[Exercise]:
In the listing that follows, find the line with "Substral Naturalny Nawóz", then copy exactly from it through the line with "Летен комплект Stitch", leaving out every picture.

════════════════════

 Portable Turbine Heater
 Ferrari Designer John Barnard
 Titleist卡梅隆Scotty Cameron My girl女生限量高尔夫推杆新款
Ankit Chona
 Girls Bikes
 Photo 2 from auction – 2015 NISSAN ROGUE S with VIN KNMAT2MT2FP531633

════════════════════

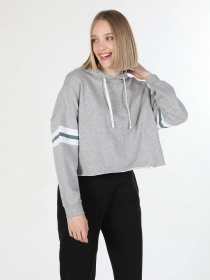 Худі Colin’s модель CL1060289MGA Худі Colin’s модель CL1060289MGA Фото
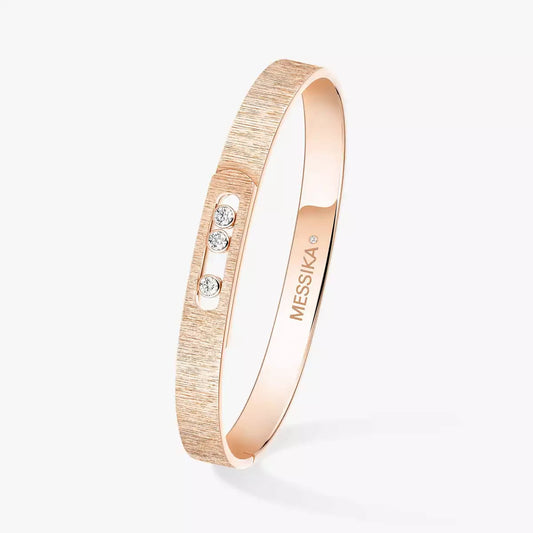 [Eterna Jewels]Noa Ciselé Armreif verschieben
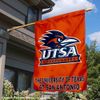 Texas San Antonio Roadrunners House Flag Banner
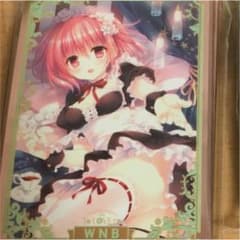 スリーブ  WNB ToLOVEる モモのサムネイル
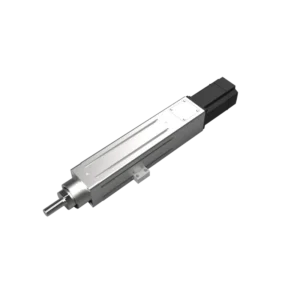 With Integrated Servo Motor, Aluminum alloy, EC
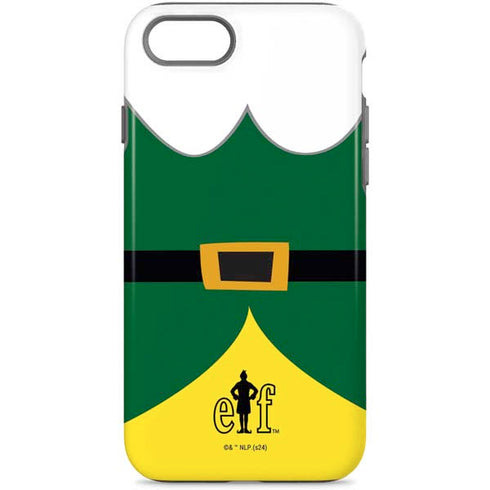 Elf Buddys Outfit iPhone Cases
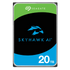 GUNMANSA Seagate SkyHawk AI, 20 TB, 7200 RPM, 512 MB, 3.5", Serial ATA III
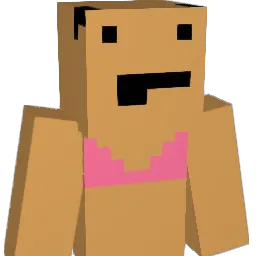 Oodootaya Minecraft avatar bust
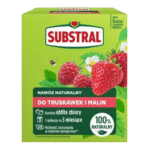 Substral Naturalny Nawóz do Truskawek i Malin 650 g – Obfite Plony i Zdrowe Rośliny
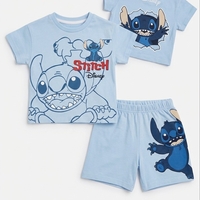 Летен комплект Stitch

════════════════════

[Reply to the exercise]:
 Substral Naturalny Nawóz do Truskawek i Malin 650 g – Obfite Plony i Zdrowe Rośliny
 Летен комплект Stitch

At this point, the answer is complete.